(Short text fragments from websites)
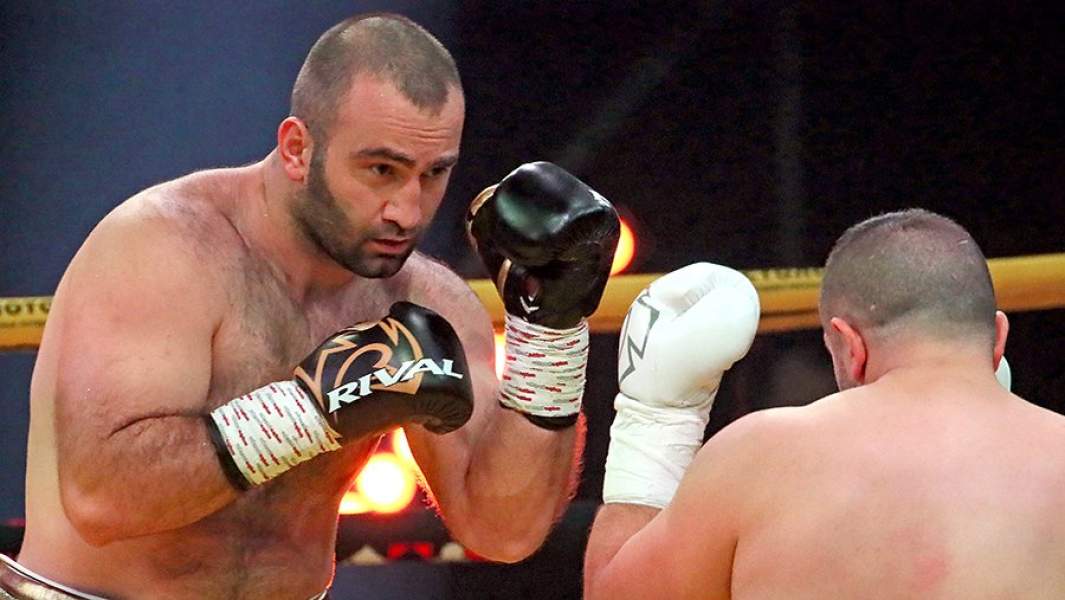 Мурат Гассиев и спортсмен из Албании Нури Сефери во время боя на турнире профессионального бокса «Столото. Фестиваль бокса» в Сочи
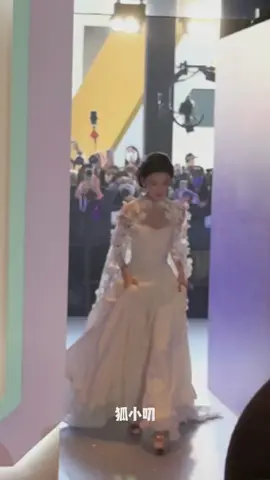 Tui nhìn mà tưởng cô dâu đang tiến vào lễ đường không đó. 06.12.25 Chương Nhược Nam tại Đêm Hội Gào Thét IQIYI 2025. #xuhuong #chuongnhuocnam #zhangruonan 
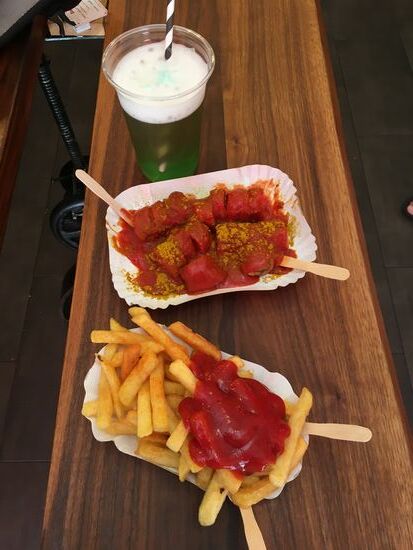 Noch eine letzte echte Berliner Currywurst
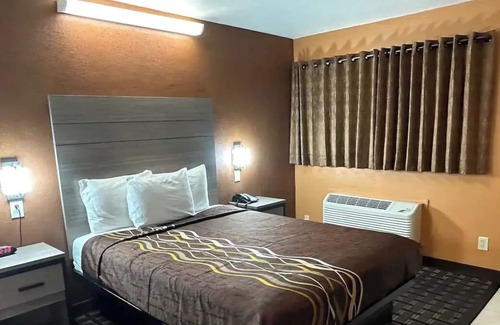 Victorville House | Full Property New Corral Motel - 3 Bedrooms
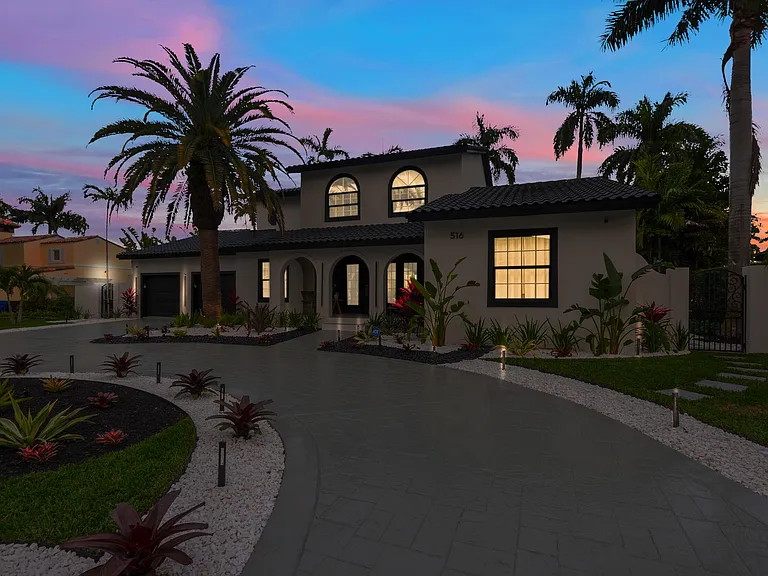 516 Royal Plaza Dr — Photo 6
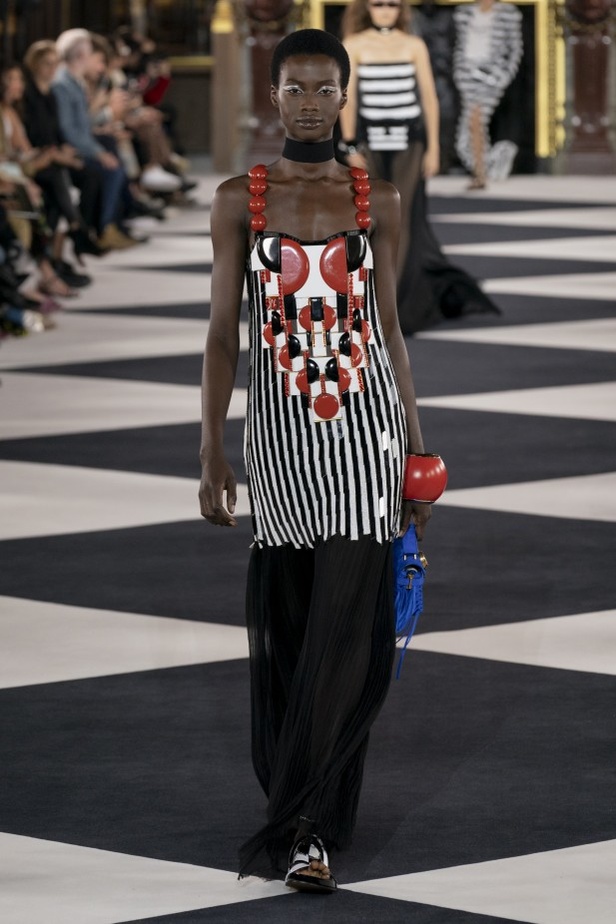 اسبوع الموضة في باريس 2019 ازياء BALMAIN الجاهزة لربيع وصيف 2020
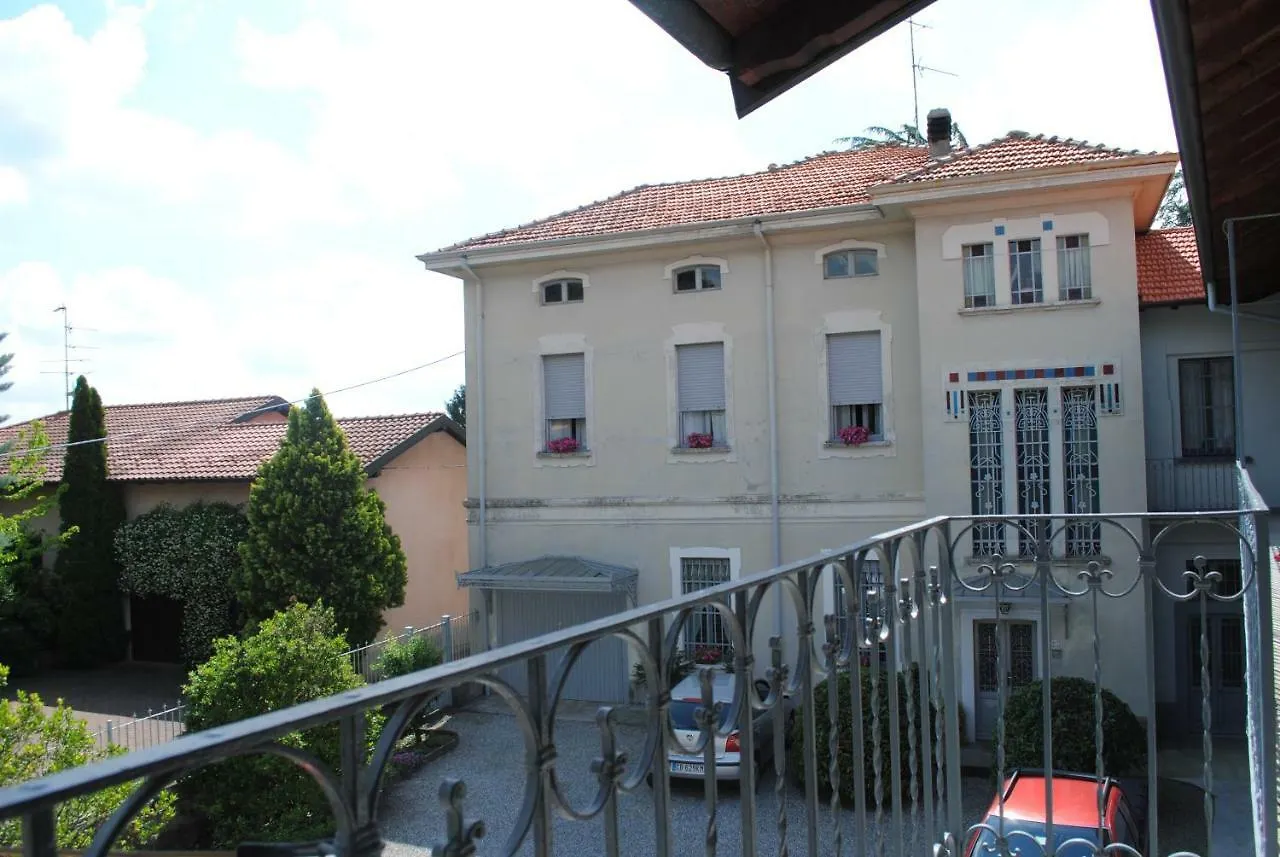 Bnbook Cascina Crennese غالاّراتي شقة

What to produce -
Take the lines from the one holding "516 Royal Plaza Dr — Photo 6" through the final line of the records above and output them exactly, both ends included, excluding pictures.

Answer section -
 516 Royal Plaza Dr — Photo 6
 اسبوع الموضة في باريس 2019 ازياء BALMAIN الجاهزة لربيع وصيف 2020
 Bnbook Cascina Crennese غالاّراتي شقة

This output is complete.